Information provided START
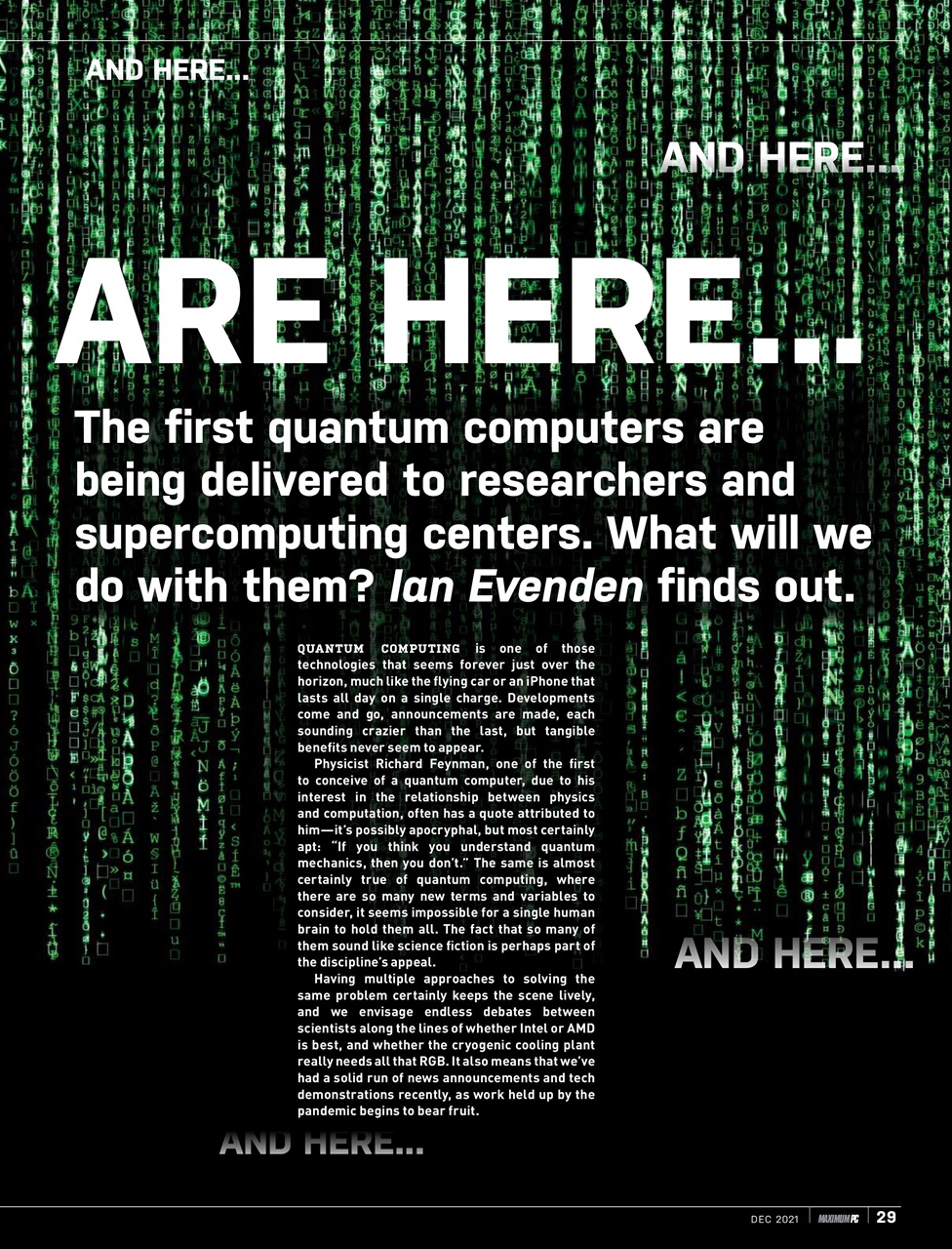 Maximum PC Preview Pages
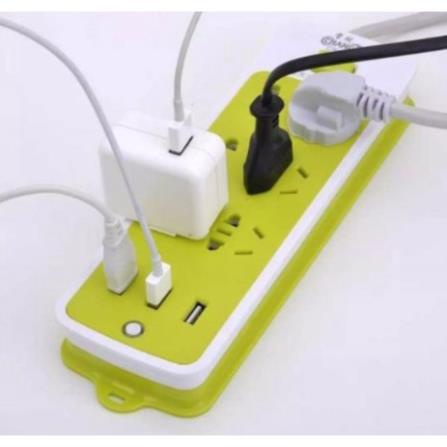 Ổ điện đa năng chống giật - ổ cắm điện thông minh kèm cổng sạc USB (6 phích cắm, 3 USB)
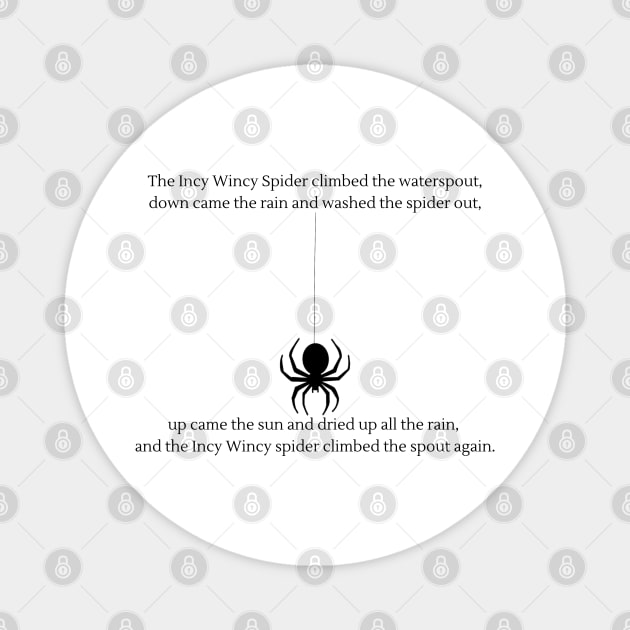 Incy Wincy Spider Nursery Rhyme Magnet by firstsapling@gmail.com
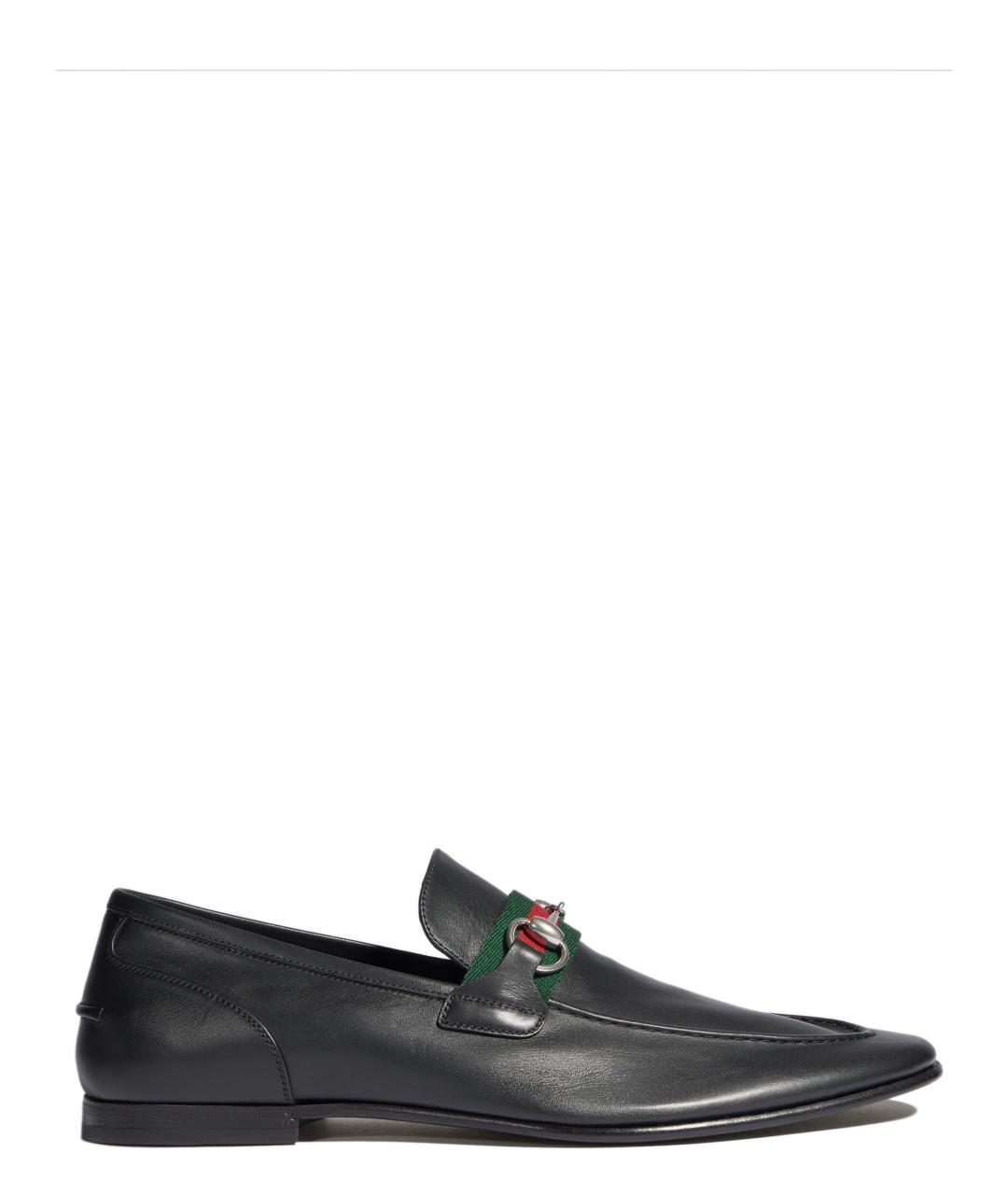 GUCCI Черные кожаные лоферы, фото 1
Information provided END
Would you copy all of the data exactly? Keep the pictures out of it.

 Maximum PC Preview Pages
 Ổ điện đa năng chống giật - ổ cắm điện thông minh kèm cổng sạc USB (6 phích cắm, 3 USB)
 Incy Wincy Spider Nursery Rhyme Magnet by firstsapling@gmail.com
 GUCCI Черные кожаные лоферы, фото 1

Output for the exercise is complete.